Others have struggled out of the gate as well, though once again this isn’t at all unusual early in camp. Rony Garcia looked shaky on Sunday and is far from assured a role on the major league roster. Matt Wisler, the most likely of Scott Harris’ minor league additions, hasn’t recaptured his velocity in the early going but remains a pretty good bet to make the team. Nothing decisive has happened yet, so all these battles are still pretty wide open with plenty of available spots in the pen.

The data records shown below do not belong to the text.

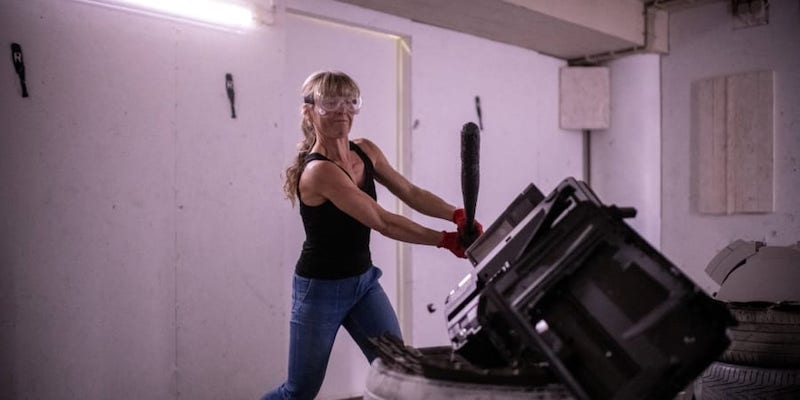 Finlandu00e2u20acu2122s Sanna Sulin, 50, smashes items in the rage room u00e2u20acu02dcRaivomoou00e2u20acu2122 on September 14, 2021 in Helsinki. u00e2u20acu201d ETX Studio picnnn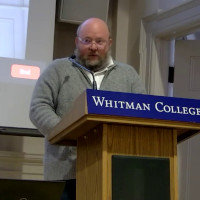 Man speaking from a lectern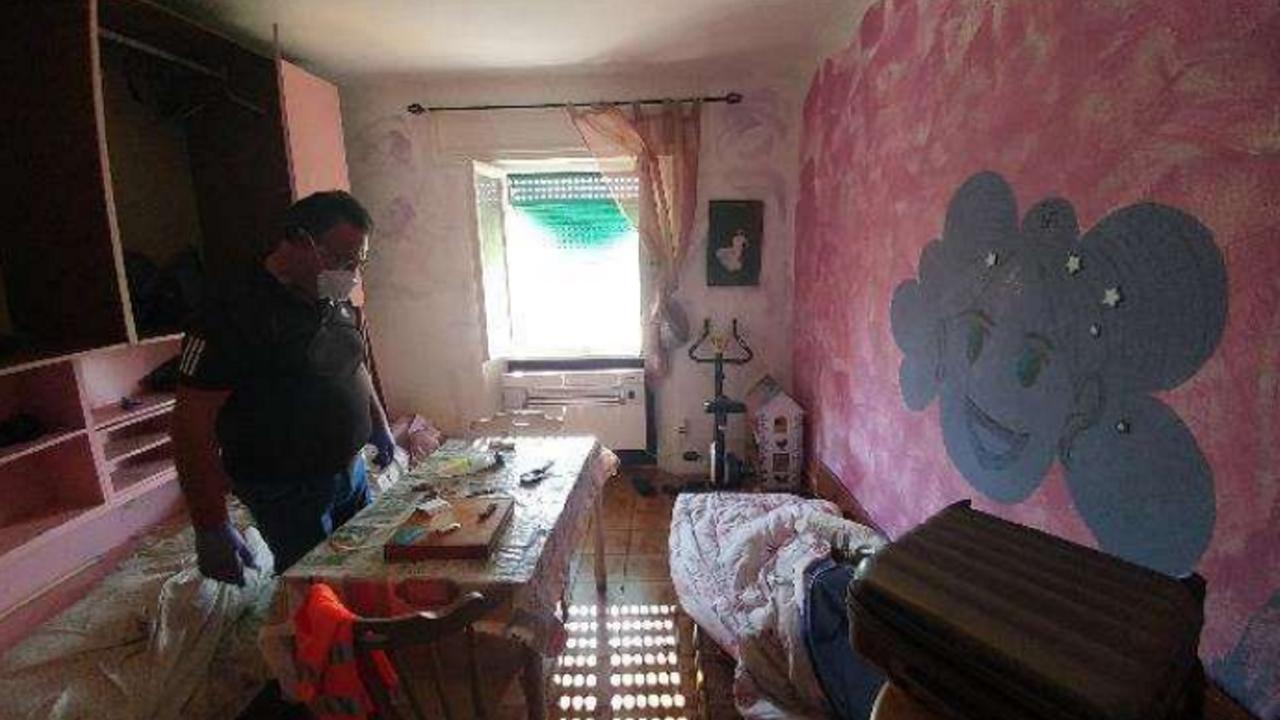 Un carabiniere nella camera da letto dell'alloggio dopo la morte di Denny Magina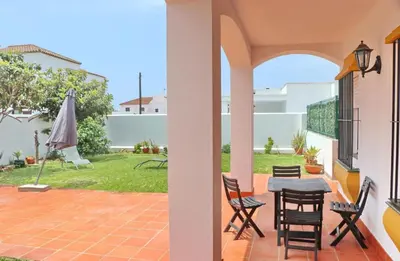 a patio with a table and chairs and an umbrella at Casa Pradillo in Conil de la Frontera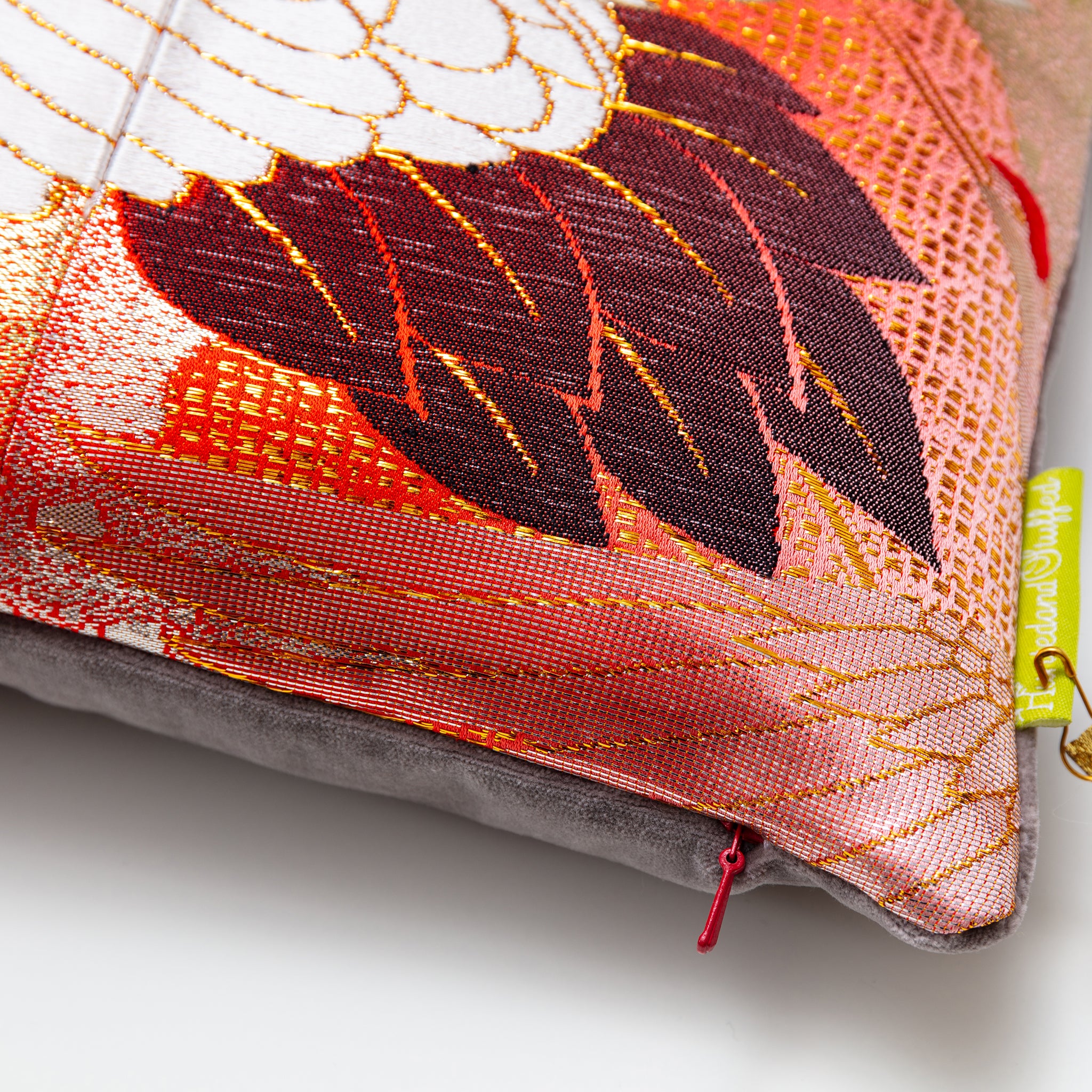 Close-up of the Peachy Red Silk Rising Crane Pillow’s textured silk surface with taupe velvet piping visible from an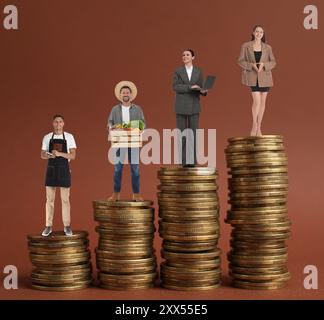 Persone di varie professioni su pile di monete di diversa altezza su sfondo marrone Foto Stock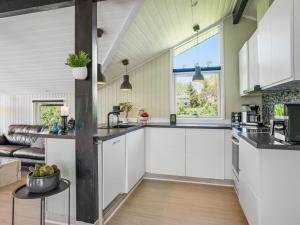 a kitchen with white cabinets and a large window at Holiday Home Bryti - 500m from the sea in NE Jutland by Interhome in Hals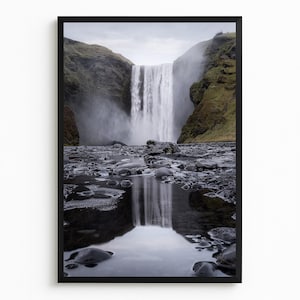 Puede incluir: Impresión enmarcada de un paisaje con una poderosa cascada que cae en un estanque de agua. La escena incluye rocas oscuras y colinas verdes bajo un cielo nublado. El reflejo de la cascada es visible.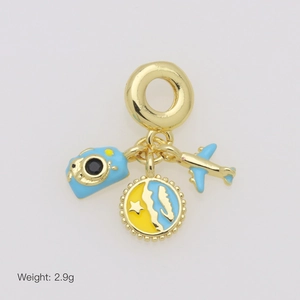 Detail of travel charms with blue camera and airplane on gold-plated base, weight 2.9g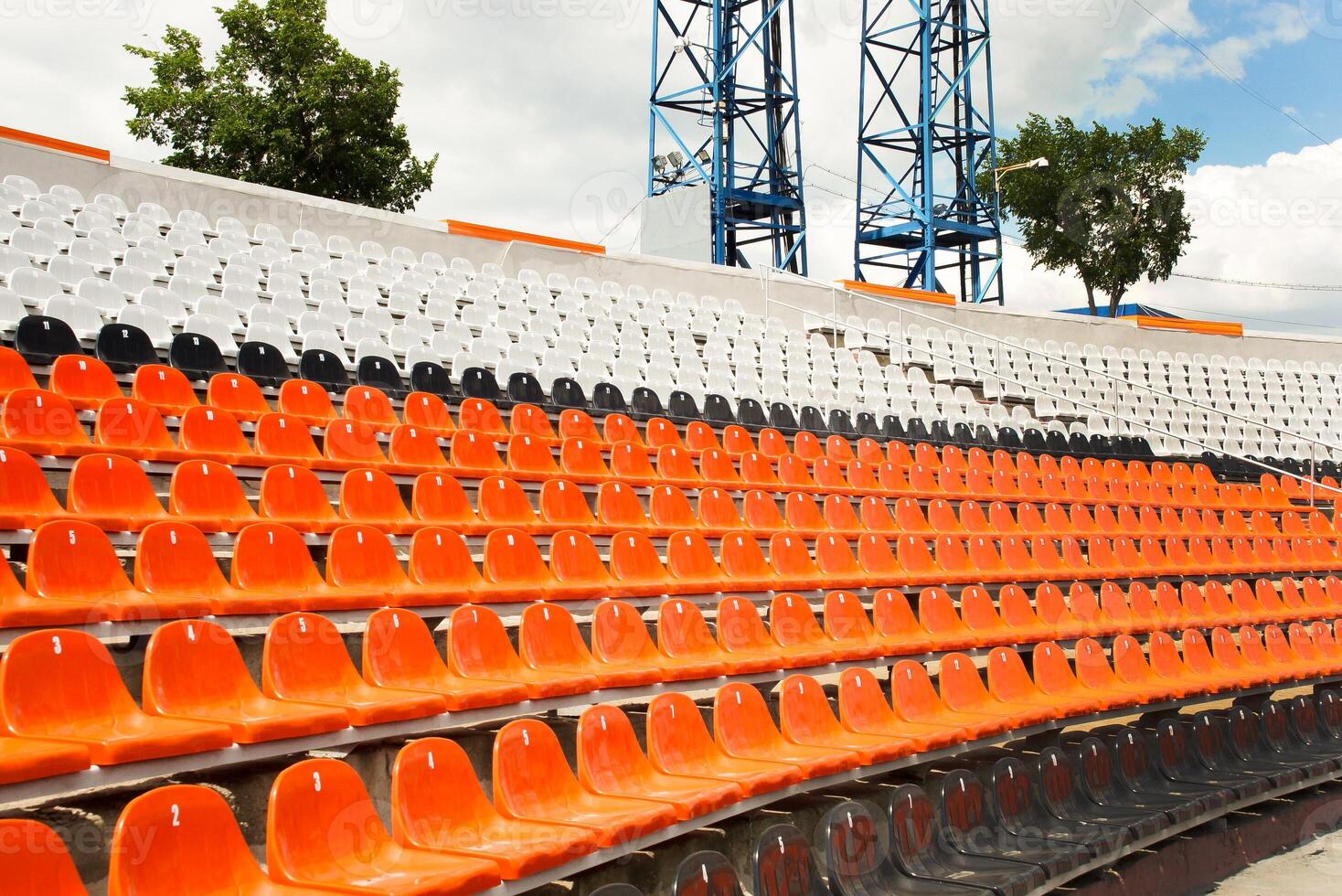 a section of a stadium with rows of plastic seats. Ideal for use in articles about sports venues, event planning, or urban infrastructure photo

Pitch clock and the new rules
So far the pitch clock has claimed a few victims, and the rules could use a little better clarification, but that’s the whole point of rolling it out this spring and collecting team feedback on how to make the whole process as clear and simple as possible. We’ve seen a few strange instances of hitters called for violations despite being in the batter’s box because the umpire judged that they weren’t focused on the pitcher and ready to hit in time. In other cases, pitchers have waited for hitters and gotten called for violations themselves, so some tweaking to the rules seem in order.
Many smart pitchers and hitters are also trying to push buttons and figure out how to use the clock pressure to their advantage. Max Scherzer has messed with making hitters wait and then quick pitching them, and he’s far from the only one. Likewise players are learning how to use their timeouts, and the pitchers are getting used to the new limits on disengagements. How to hold runners without burning your two pickoff throws is a popular topic of discussion among pitchers right now.
As far as the bigger bases and consequently shortened basepaths, teams are running a little more but things haven’t gotten crazy just yet. The Tigers have eight steals in nine attempts, with Ryan Kreidler and Akil Baddoo leading the way with three and two, respectively. No sign of them running at will, despite the high success rate. Of course, the right players have to get on base.
As far as the shift goes, we saw Joey Gallo homer off Joey Wentz in the second inning, and then pull two balls through the right side of the infield for singles on Sunday. Scientifically, that’s all you need to know there will be some happier left-handed hitters around the league this season. The overall effect may be small, but certain players are going to thrive as a result.
The Tigers are still experimenting with the Pitch Com system to see how best to deploy it. Different pitchers have different opinions on the subject. Eduardo Rodriguez called his own pitches in his last outing and loved it. Manager A.J. Hinch, speaking after the game, said they wouldn’t be doing that again and would be focusing on making the game calling more collaborative. For his part, Matt Boyd let his catcher call the game, but used the system to call his pitch in a few specific occasions when he used his veto power.
The Tigers are going to want things to be more interactive than that between the pitcher, catcher, and coaching staff. There are huge amounts of effort put into advanced scouting hitters and gameplanning, of course. Still, the point is to follow the plan as much as possible. As long as they’re doing that, it probably doesn’t matter who pushes the buttons to call the pitch. It’s understandable, as Rodriguez said, that to call your own game allows for a certain rhythm and decisiveness. Perhaps veteran pitchers will get a little more leeway to do that. How best to use the technology will be an ongoing topic of discussion.